With the passage of yet another Election Day we find ourselves in familiar places discussing what the upset means for the losing parties, and what, if anything, will change when the successors take their place. In many of the local races, mostly notably for the three open seats on the Board of Education, the discussion continues to be quite contentious, based on accusations of allegiances to teachers unions and private interests that lie outside of the district.
It should be noted that these contentions are not a flaw in the democratic process, it’s a feature meant to provide momentum, to get people out to vote on Election Day. The specter of a Communist Union or Greedy Corporations serve to not only motivate us through fear, but to frame the conversation in simple terms that appeal to a wider audience. This simplification reduces fact to fiction, and ultimately erodes any pathways towards a potential solution.
Just over a hundred years ago, Ohio Representatives sought to alleviate some of this contention by making our democratic process more responsive to the needs of the people. With the inclusion of the initiative, the recall, and the referendum into the Ohio Constitution, residents could do more than simply vote in an election once every few years.

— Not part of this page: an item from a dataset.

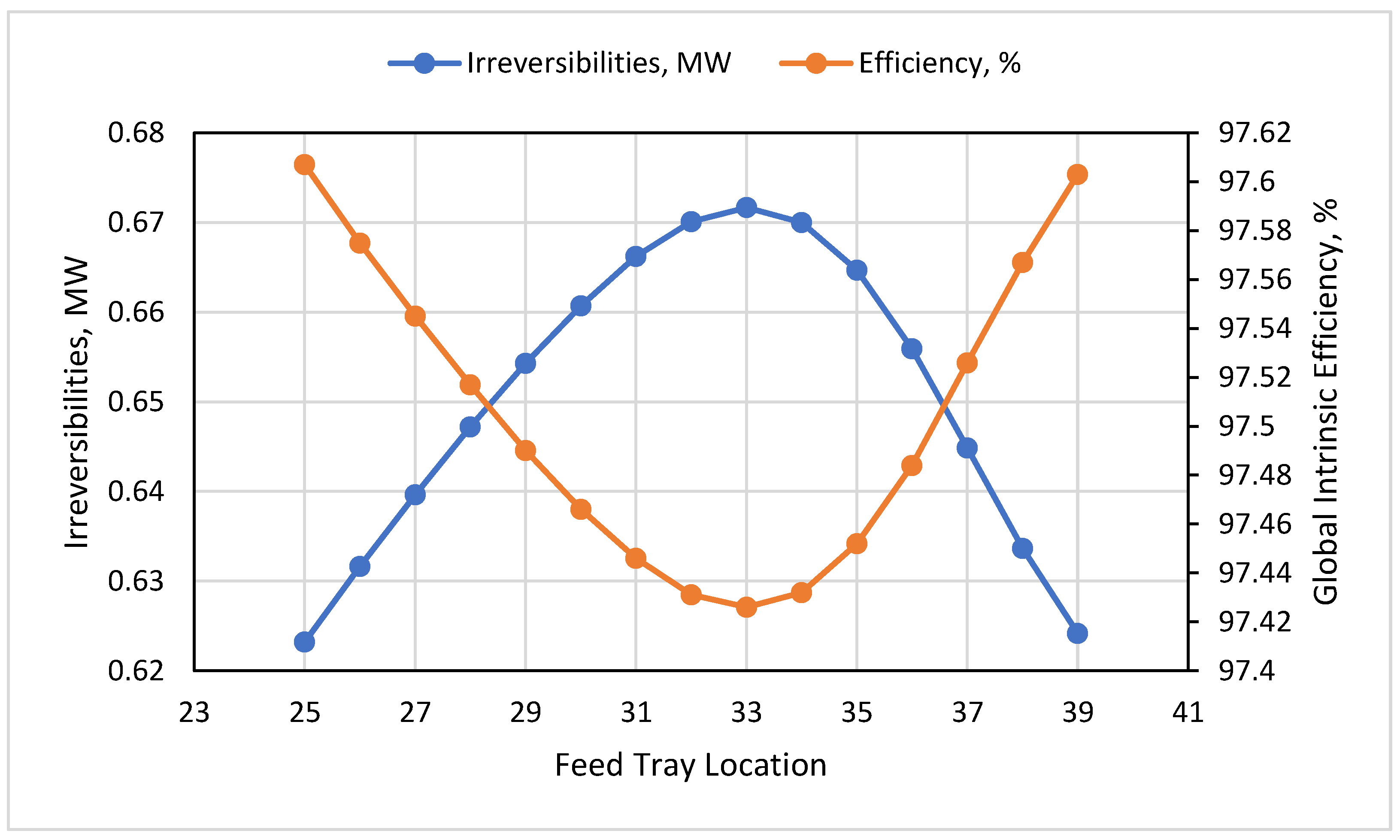 Processes 10 01219 g010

In essence, voters could propose their own laws, veto existing laws, and even remove their representatives from office.
In the early days of our nation, the majority of Americans received their education at home. Teaching was done by the parents or a private tutor if they were fortunate enough to afford one. The Puritans were the first to identify the need for a public education and established schools across New England. After the American Revolution, Thomas Jefferson argued to build an educational system funded by taxpayer dollars, but it wasn’t until 1852 when the first compulsory education laws were passed in Massachusetts, which by 1918 lead to every American child being required to attend public schools.
The responsibility of governing public schools was separated from the city council early on in the history of education. As the demand for public education began to increase, selectmen separated educational governance from city governance and appointed committees in each town to govern local school systems. In 1837, Massachusetts established the first State Board of Education, though the authority remained at the local level as many were distrustful of the state’s ability to represent local interests. The Massachusetts model of governing education spread throughout the colonies and its separation from city council has persisted into the present day.
On the surface this would seem to be an ideal model for many of the challenges we face as a nation (including the compulsory healthcare laws which coincidentally originated in Massachusetts). A National Network of State Boards of Education whose authority rests in the hands of local School Boards elected by the community. But when you dig a little deeper into the disconnect between the city and the schools, you see more than a separation of governance. You see the silos which Lori Kershner identified on her website which calls for “better cooperation between the city and the schools.”